All of the data is in different files; SSIS is capable of extracting data from multiple files however for the purposes of this article I am going to stick to the Import Export Wizard. To combine all of the files into one (big) file a quick switch to the command prompt is required:
type data\*.csv > .\CodePointOpenCombined.csv
Because none of the data files have headers this works fine, if they did have headers some work would be needed to strip those out. Create a new database in SQL Server then follow these steps:
- Right Click the Database select “Tasks” - “Import Data”.
- In the Data Source step change the drop down to “Flat File Source”.
- Select the combined file we created above (you may have to change the filter).
- Check the Columns page if Quotation Marks (") appear in some of the columns change the Text qualifier field on the General Page to a “.
- On the Advanced page click Suggest Types.
- Set the number of rows to 1000 (the maximum), then click OK.
- Go through each column and update the name and DataType to match those we discovered in the previous post.
- Check the correct database and table are selected on the next two steps.
- Click Next then Next again, then check over the data type mappings.
- Click Next then ensure Run immediately is checked then click finish.
- All being well, all of the data will be imported successfully.

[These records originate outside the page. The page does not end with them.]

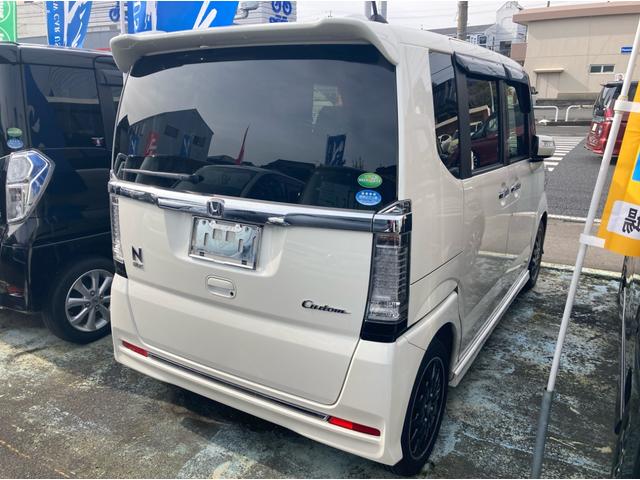 Ｎ－ＢＯＸカスタム Ｇ　ターボＳＳブラックスタイルパッケージ　あんしんパッケージ　ＣＶＴ　ナビ地デジＴＶ　バックカメラ　両側パワースライドドア　スマートキー　プッシュスタート　アイドリングストップ（6枚目）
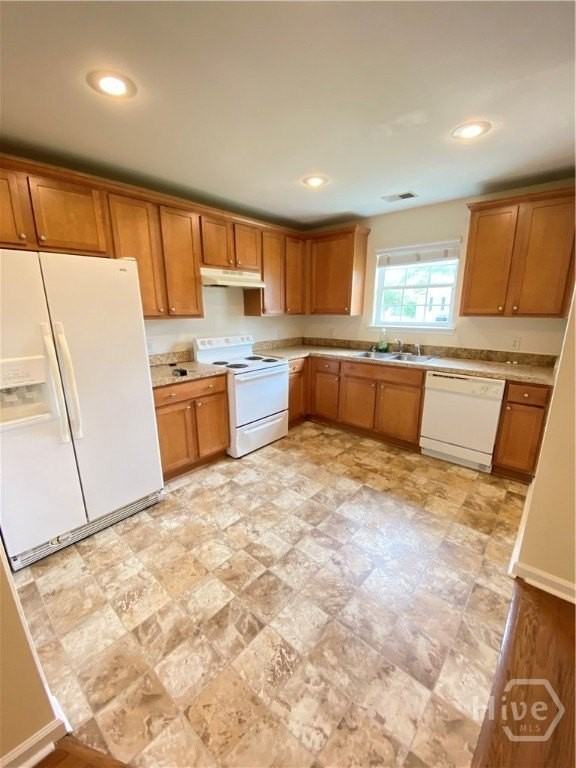30 Twin Oaks Pl - Photo 3 of 14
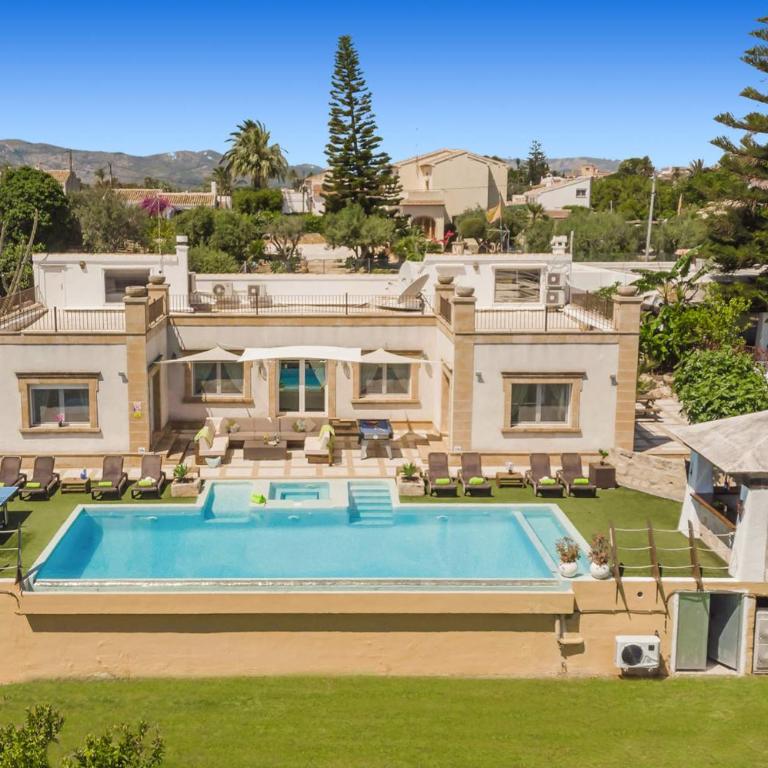 Villa Silvasol by Villa Plus - Villa - 18
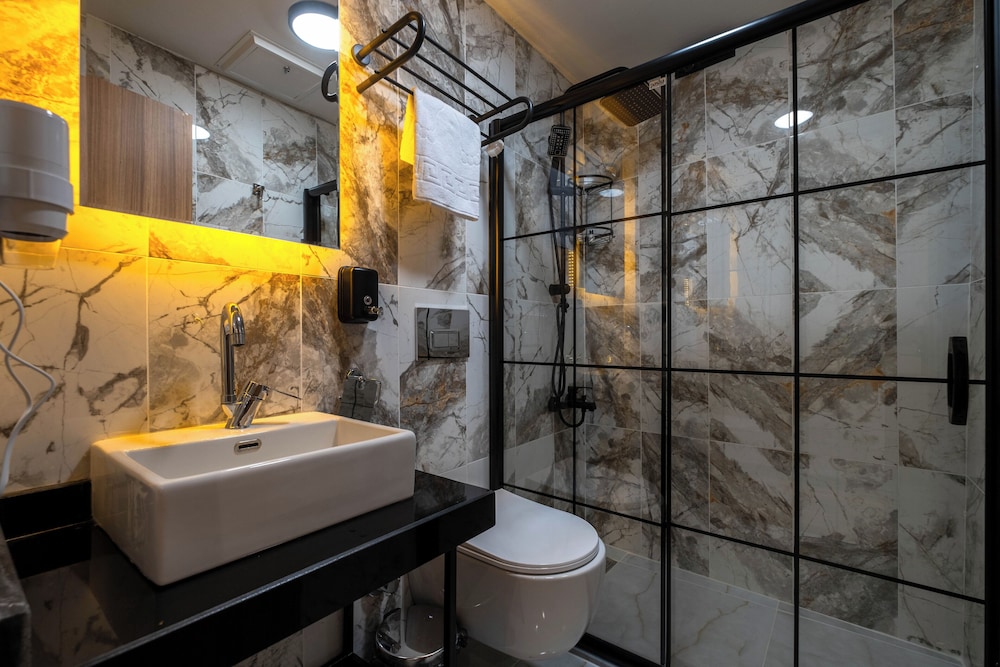 Deluxe Double or Twin Room, City View photo 2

If there are problems importing the data you can go back and make changes to the configuration, typically the issue is incorrect data types (too small) or incorrect text delimiters. You may be asking why we went to tall that trouble, and time, only to let the Import Data Wizard suggest the data types. The reason I wrote the script was the wizard is limited to checking the first 1,000 lines; even if you set the value to 2,000,000 it will default down to 1000 after you move your focus away. The result being if your data is naturally sorted on a specific column as some of the Ordinance Survey data appears to be the import will fail. Running the schema scanner allows you to scan through all of the data so that you can modify the suggested data types to match the maximum values.